_EXERCISE DIRECTIONS_
The whole listing, except its pictures, is to be repeated exactly.

_SOURCE DATA_
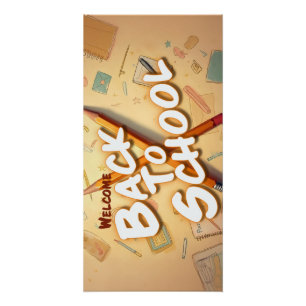 Póster Bem-vindo de Volta à Escola – Design de Arte com L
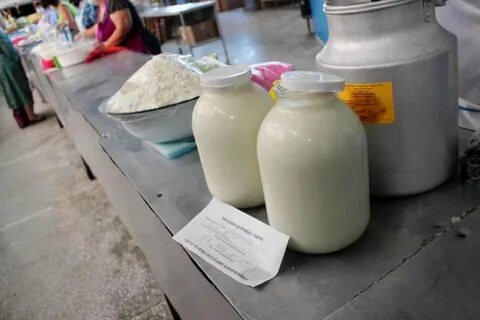 Реализация сырого молока на сельскохозяйственных рынках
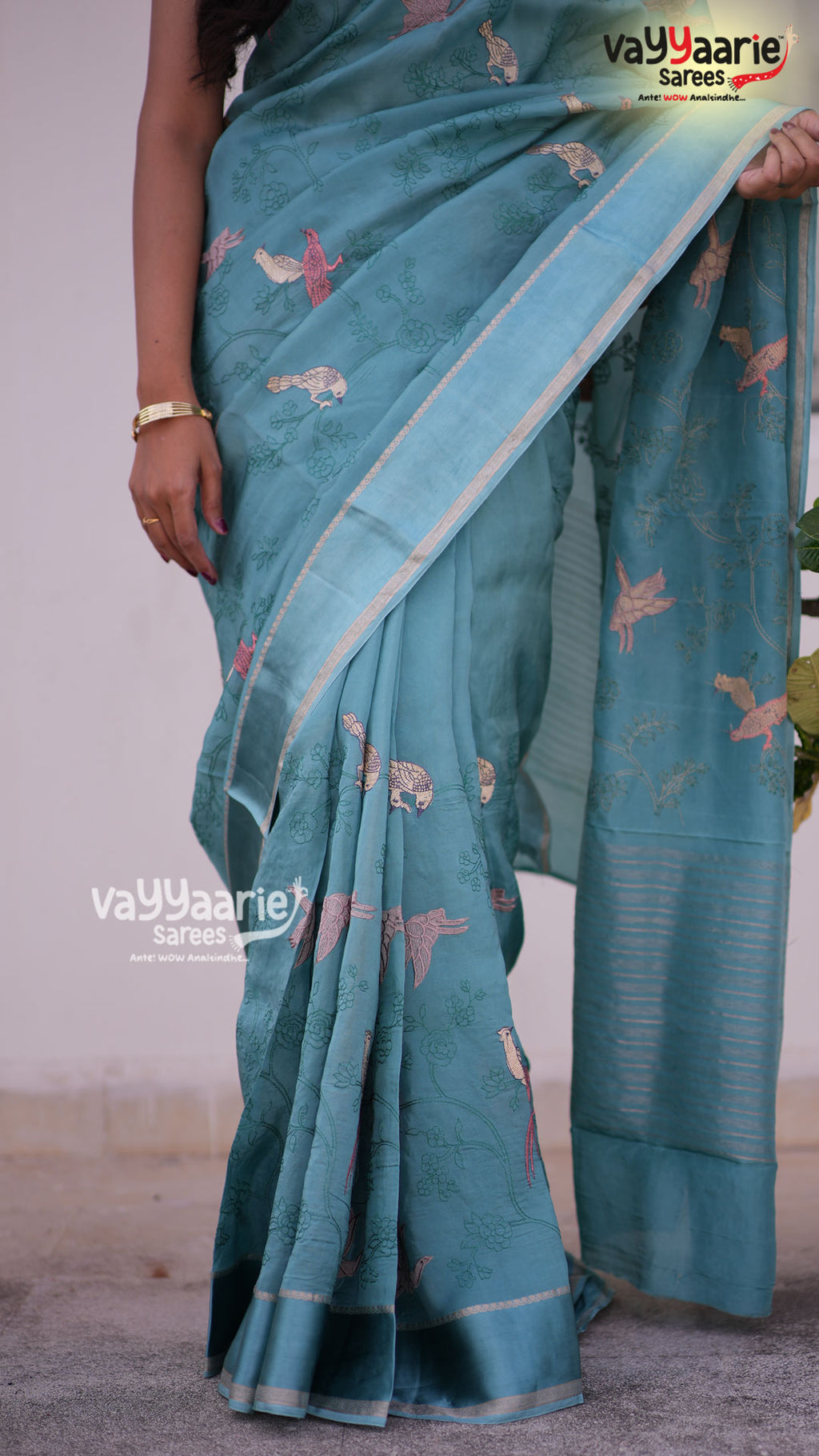 Sea green Tissu Saree | Fancy Ethnic Wear Saree | Vayyaarie Sarees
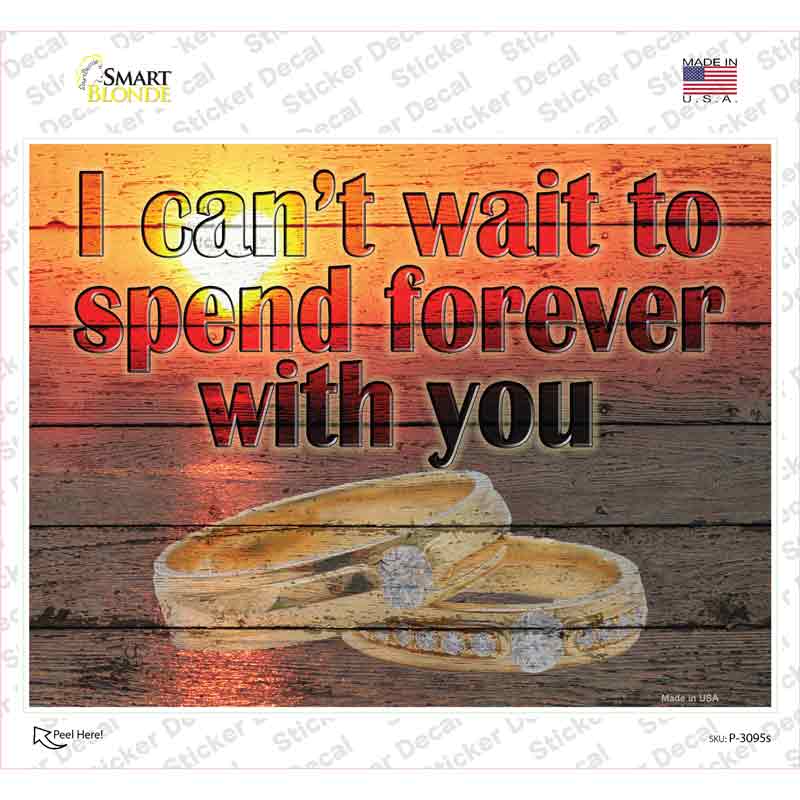 P-3095s-M Spend Forever with You Novelty Rectangle Sticker Decal - Medium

_REPLY TO THE EXERCISE_
 Póster Bem-vindo de Volta à Escola – Design de Arte com L
 Реализация сырого молока на сельскохозяйственных рынках
 Sea green Tissu Saree | Fancy Ethnic Wear Saree | Vayyaarie Sarees
 P-3095s-M Spend Forever with You Novelty Rectangle Sticker Decal - Medium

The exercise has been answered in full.